* **Problem statement**:
Would you please repeat exactly the entries below, starting at the line with "A wooden tray" and ending at the line with "a mature man", and nothing outside that range? Leave out the pictures.

* **Data for this exercise**:
━━━━━━━━━━━━━━━━━━━━━━━━━━━━━━
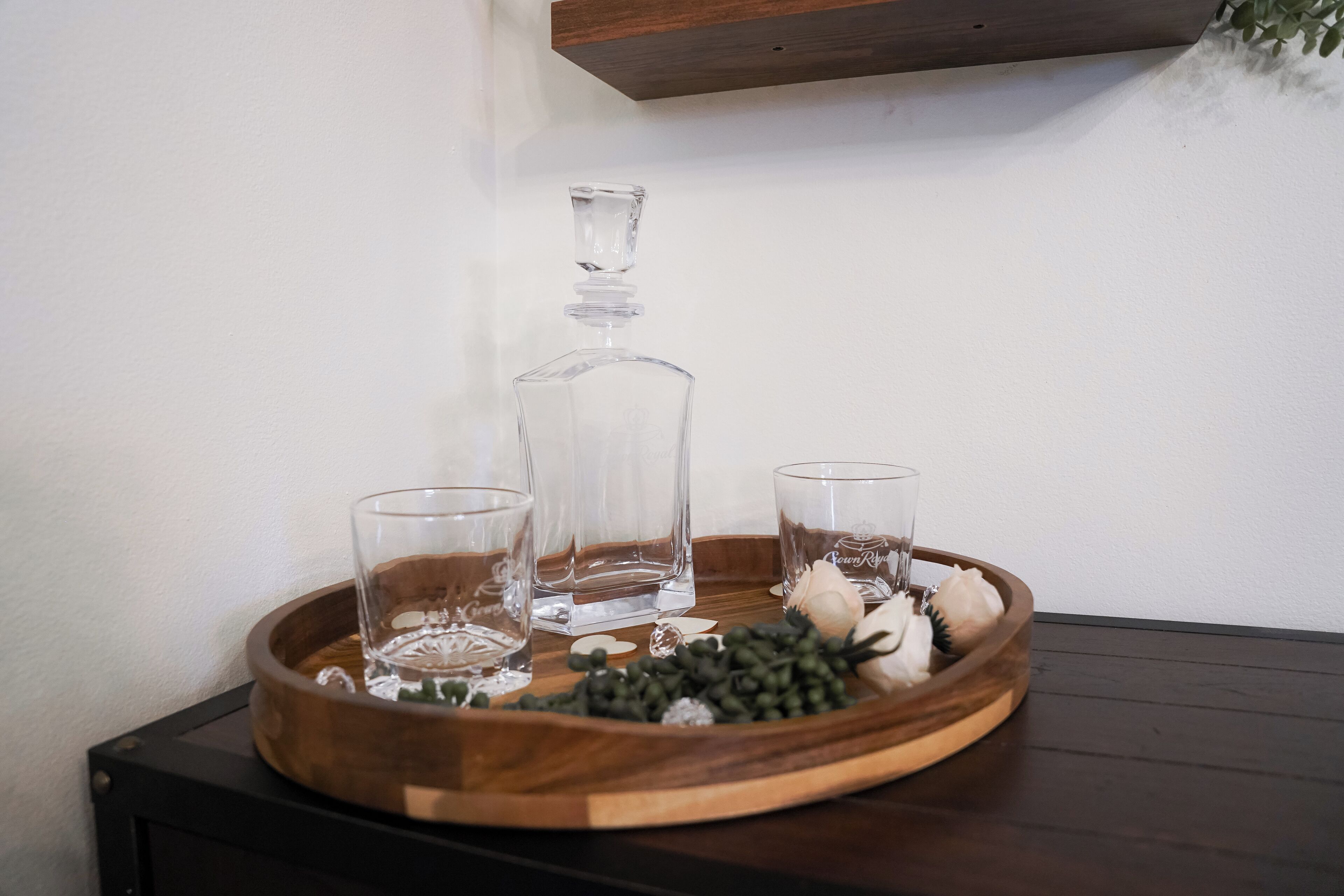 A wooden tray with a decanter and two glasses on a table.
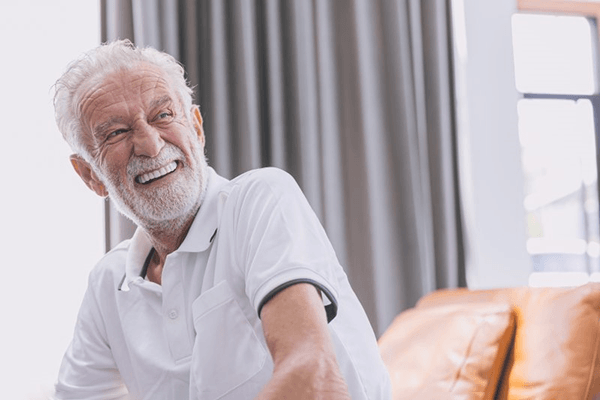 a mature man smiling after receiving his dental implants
━━━━━━━━━━━━━━━━━━━━━━━━━━━━━━
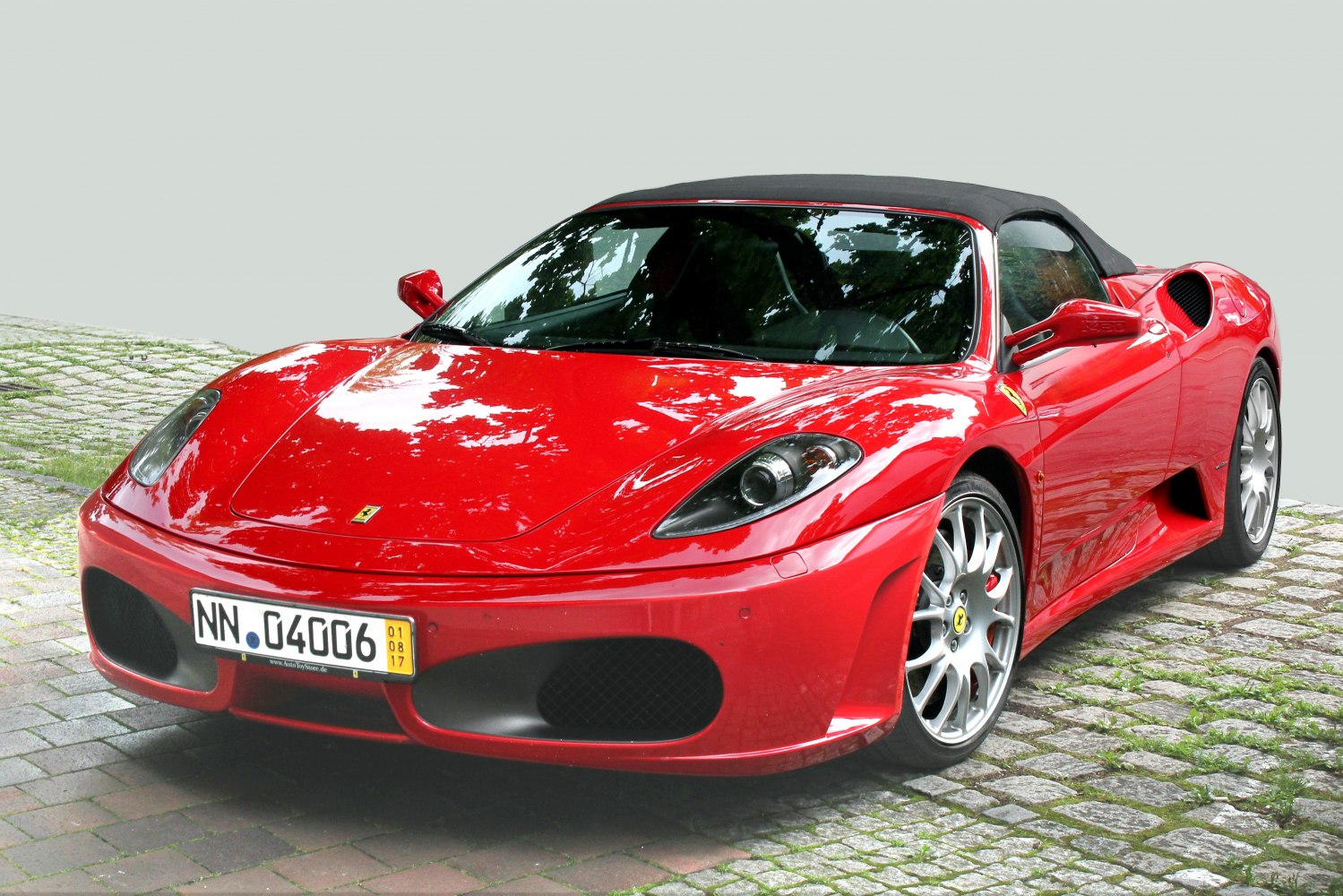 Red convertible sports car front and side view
━━━━━━━━━━━━━━━━━━━━━━━━━━━━━━
* **Answer to this task**:
 A wooden tray with a decanter and two glasses on a table.
 a mature man smiling after receiving his dental implants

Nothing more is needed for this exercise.